··· Record set
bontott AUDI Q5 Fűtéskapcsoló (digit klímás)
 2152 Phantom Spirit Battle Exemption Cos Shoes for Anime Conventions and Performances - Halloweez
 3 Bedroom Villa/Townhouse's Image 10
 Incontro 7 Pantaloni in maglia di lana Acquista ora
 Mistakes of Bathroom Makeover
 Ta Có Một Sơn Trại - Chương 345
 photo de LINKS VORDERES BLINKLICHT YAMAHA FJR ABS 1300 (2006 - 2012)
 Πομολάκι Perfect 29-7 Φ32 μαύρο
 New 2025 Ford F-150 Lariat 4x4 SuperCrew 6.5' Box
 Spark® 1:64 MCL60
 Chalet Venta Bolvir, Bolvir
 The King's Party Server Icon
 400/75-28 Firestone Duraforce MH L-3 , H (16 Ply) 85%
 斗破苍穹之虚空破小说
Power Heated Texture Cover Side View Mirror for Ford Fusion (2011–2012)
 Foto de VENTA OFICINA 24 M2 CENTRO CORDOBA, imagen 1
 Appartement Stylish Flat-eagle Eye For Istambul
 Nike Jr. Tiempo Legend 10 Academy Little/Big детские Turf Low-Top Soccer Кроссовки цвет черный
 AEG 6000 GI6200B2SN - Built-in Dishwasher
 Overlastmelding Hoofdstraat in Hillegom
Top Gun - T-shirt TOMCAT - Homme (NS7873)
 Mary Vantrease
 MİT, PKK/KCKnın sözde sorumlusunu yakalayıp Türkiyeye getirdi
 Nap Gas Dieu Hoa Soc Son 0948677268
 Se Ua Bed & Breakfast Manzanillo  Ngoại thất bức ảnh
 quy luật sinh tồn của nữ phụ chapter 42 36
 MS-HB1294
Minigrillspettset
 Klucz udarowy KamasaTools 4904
······
#### To do:
Determine how many lines in the data above contain the string "Ford". Give nothing except the number.

#### Result of the task:
2